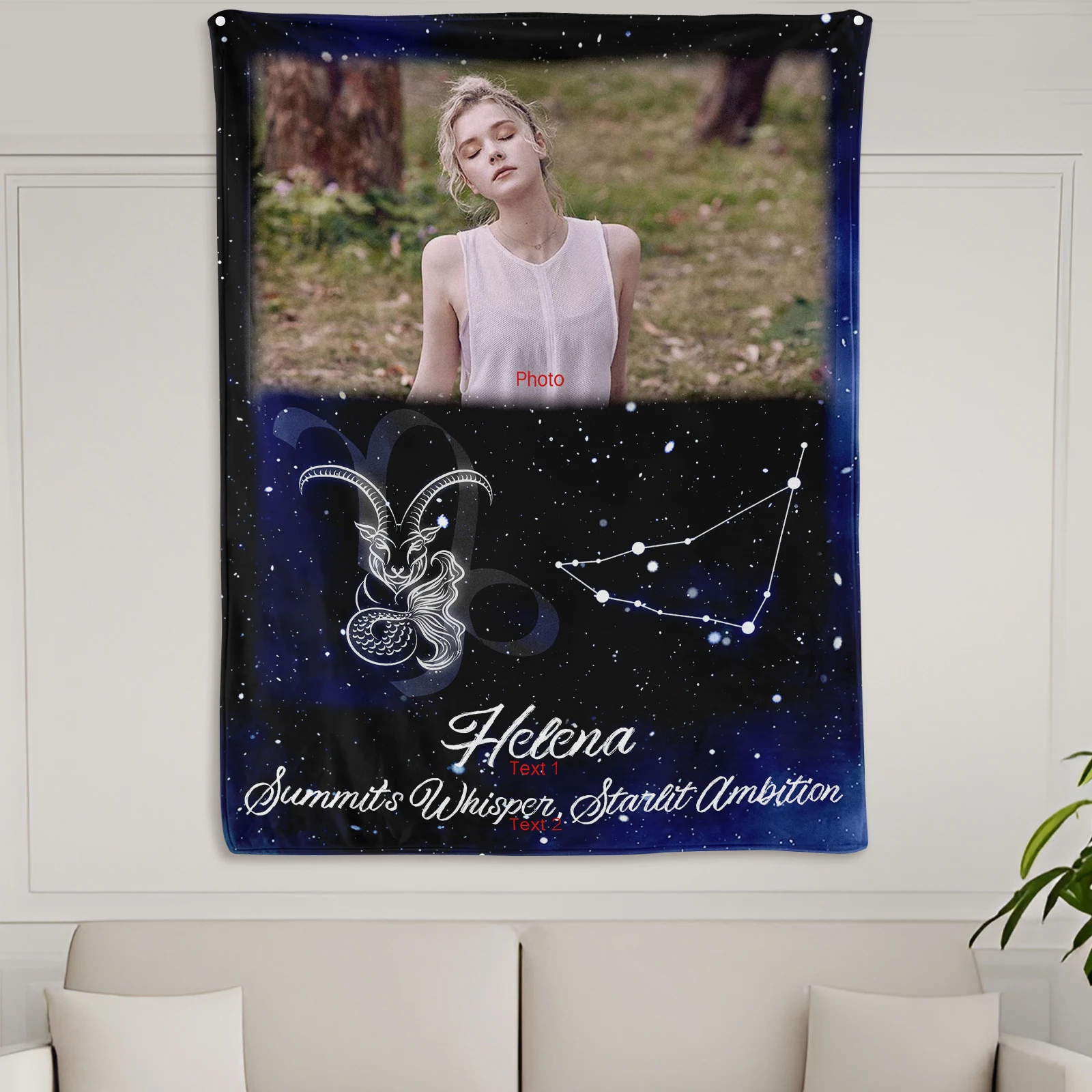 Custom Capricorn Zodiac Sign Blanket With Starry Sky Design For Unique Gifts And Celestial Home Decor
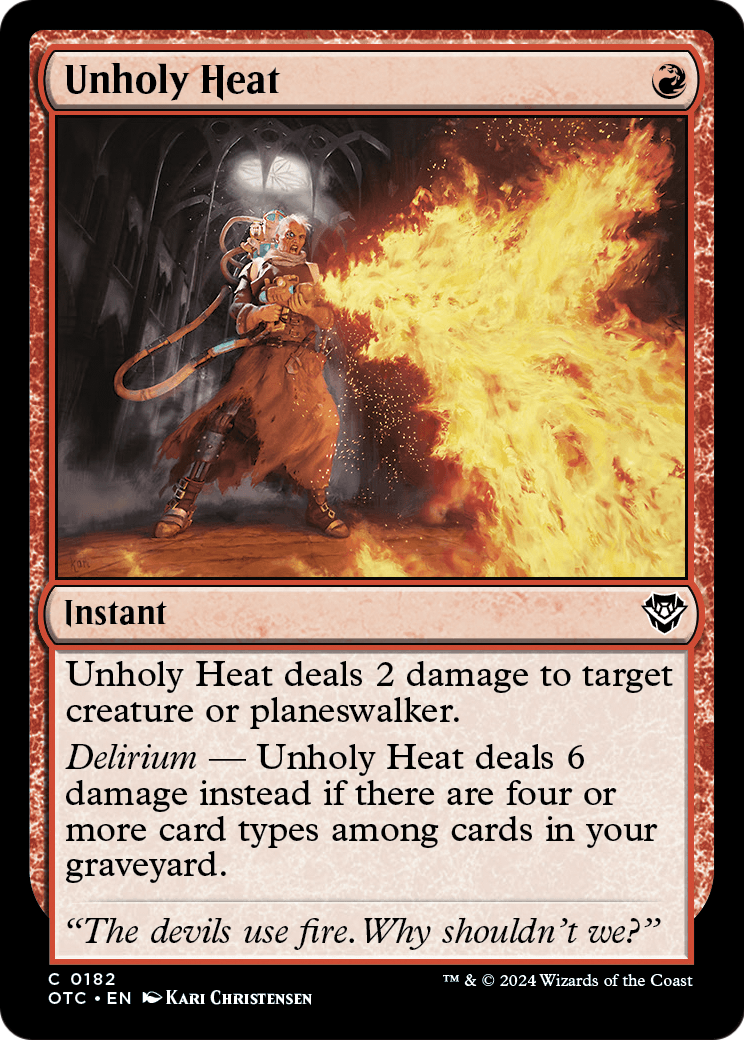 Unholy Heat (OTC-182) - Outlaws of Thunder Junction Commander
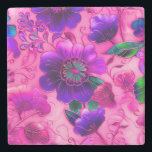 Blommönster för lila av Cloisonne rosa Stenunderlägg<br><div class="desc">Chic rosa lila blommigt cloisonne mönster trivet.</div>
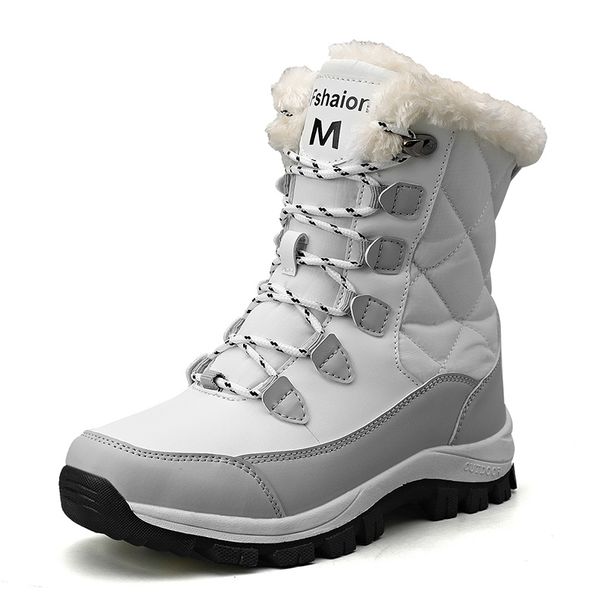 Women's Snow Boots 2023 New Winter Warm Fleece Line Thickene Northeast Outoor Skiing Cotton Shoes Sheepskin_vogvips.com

## Task
Every line from the one that holds "Blommönster för lila" to the end of the listing should be output exactly, with pictures left out, please.

## Answer space
 Blommönster för lila av Cloisonne rosa Stenunderlägg<br><div class="desc">Chic rosa lila blommigt cloisonne mönster trivet.</div>
 Women's Snow Boots 2023 New Winter Warm Fleece Line Thickene Northeast Outoor Skiing Cotton Shoes Sheepskin_vogvips.com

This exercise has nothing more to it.